The input Block Start

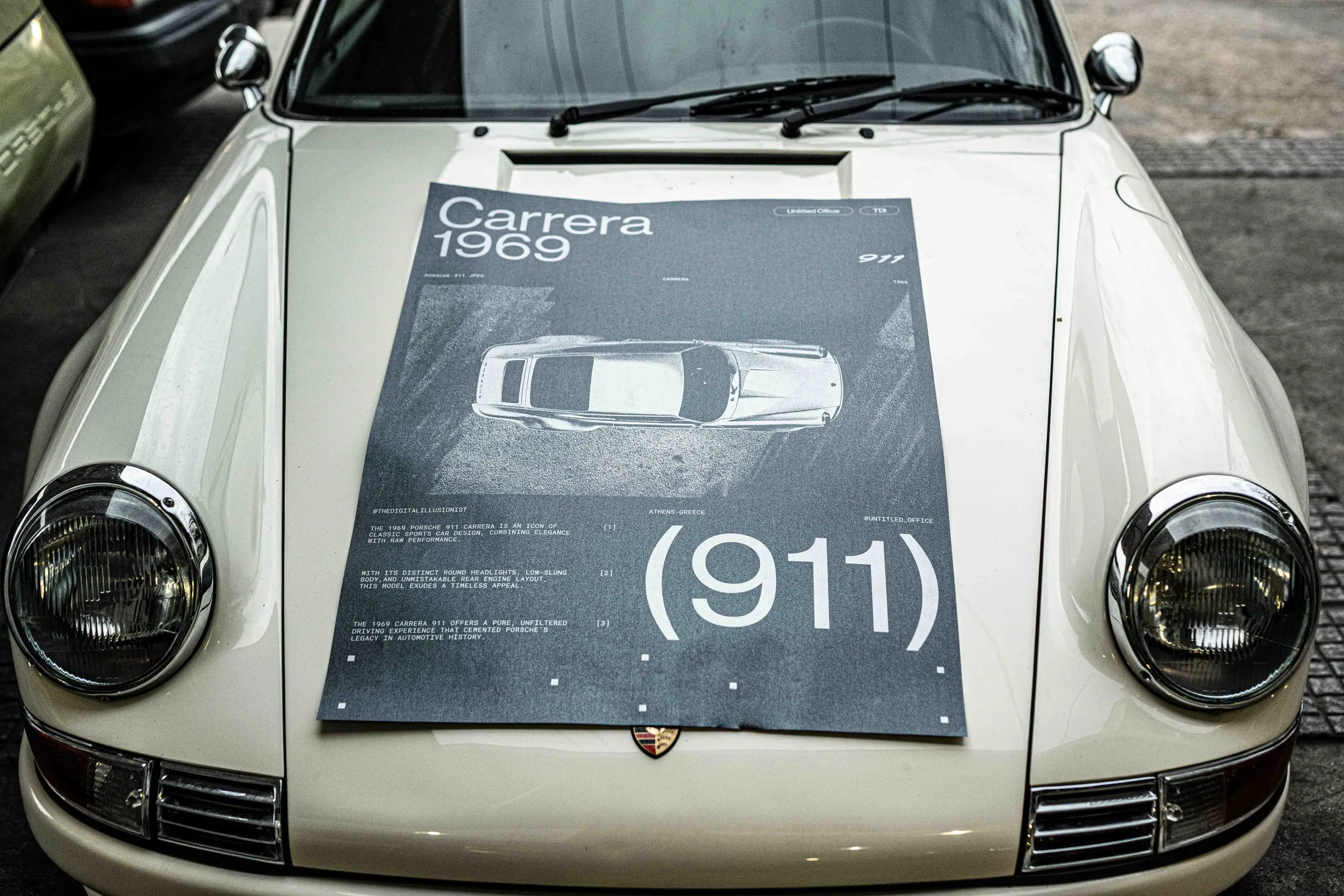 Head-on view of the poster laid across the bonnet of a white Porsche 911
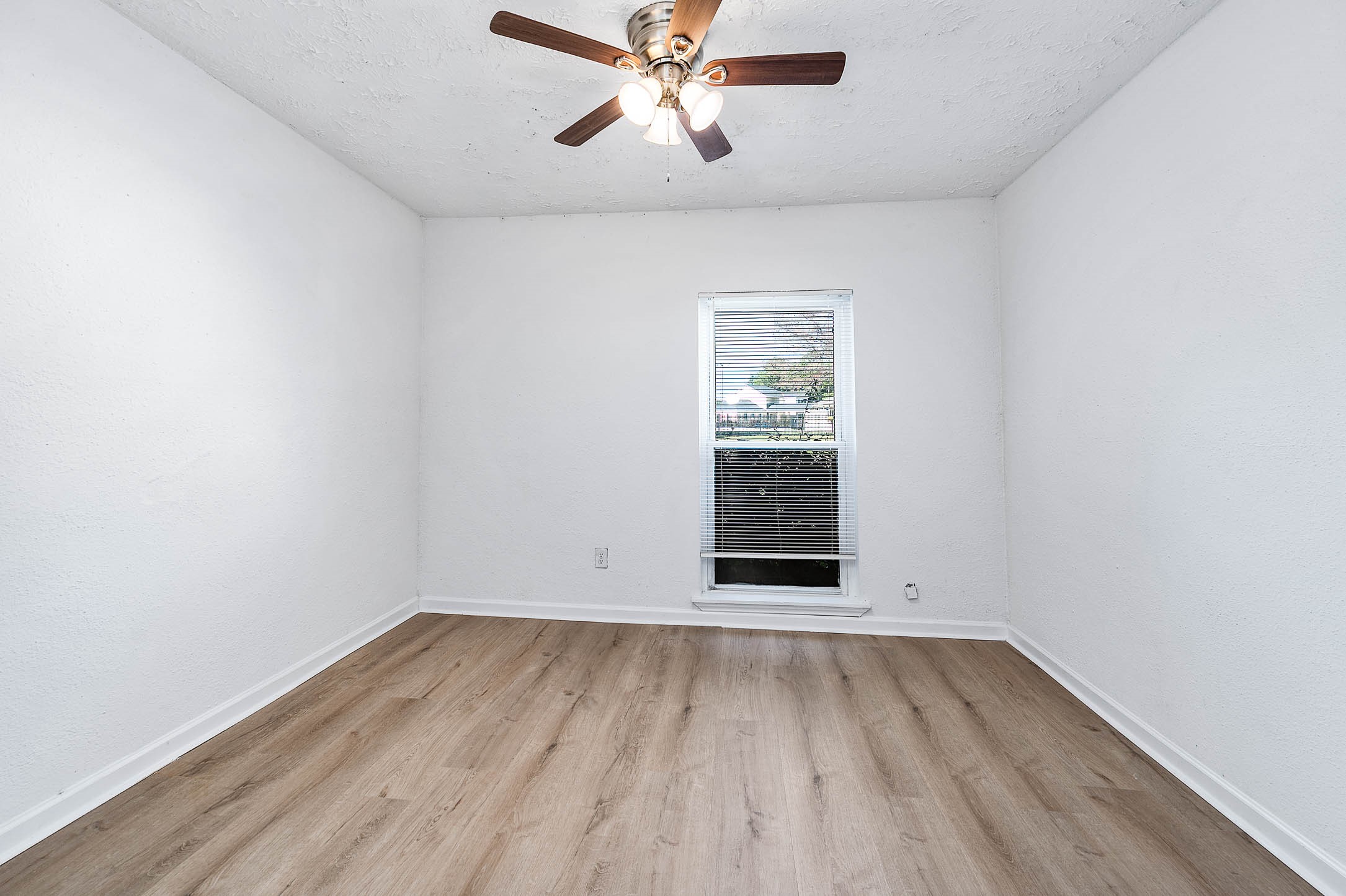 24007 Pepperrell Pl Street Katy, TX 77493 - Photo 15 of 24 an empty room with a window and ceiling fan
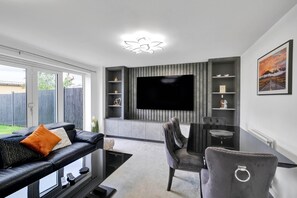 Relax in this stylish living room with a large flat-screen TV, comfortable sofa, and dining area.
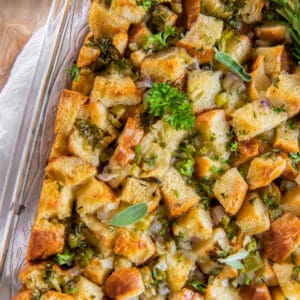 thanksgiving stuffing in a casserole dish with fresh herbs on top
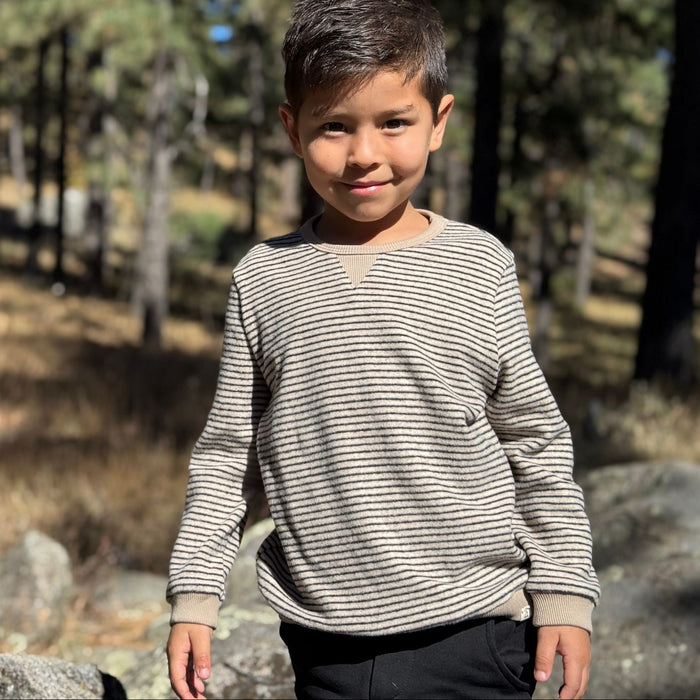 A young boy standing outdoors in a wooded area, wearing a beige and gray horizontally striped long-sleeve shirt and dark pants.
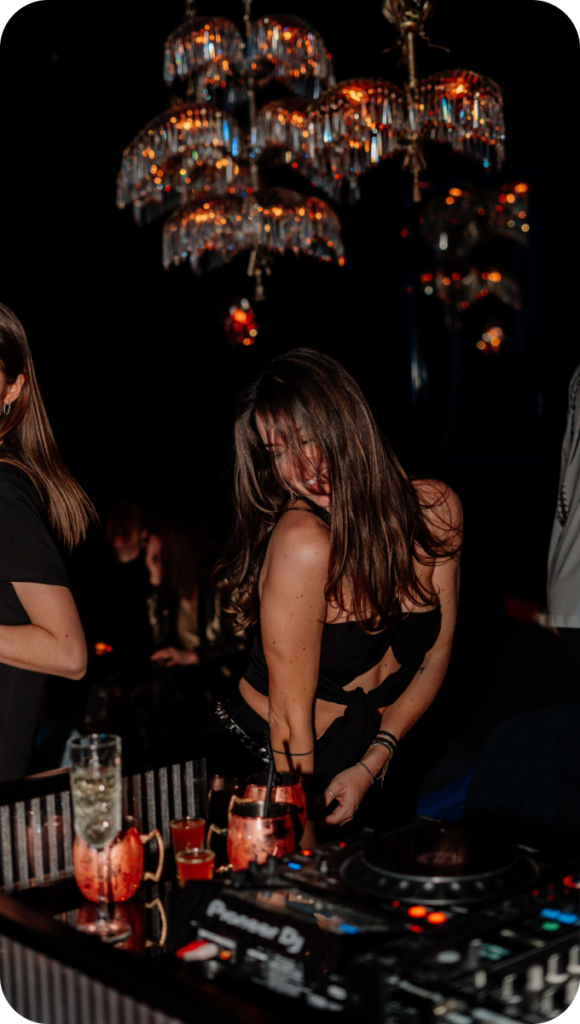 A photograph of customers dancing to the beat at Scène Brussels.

The input Block End

• **Problem requirements**:
Print exactly the lines above that run from the one with "24007 Pepperrell Pl" down to the one with "A young boy", and omit the pictures.

• **Reply**:
 24007 Pepperrell Pl Street Katy, TX 77493 - Photo 15 of 24 an empty room with a window and ceiling fan
 Relax in this stylish living room with a large flat-screen TV, comfortable sofa, and dining area.
 thanksgiving stuffing in a casserole dish with fresh herbs on top
 A young boy standing outdoors in a wooded area, wearing a beige and gray horizontally striped long-sleeve shirt and dark pants.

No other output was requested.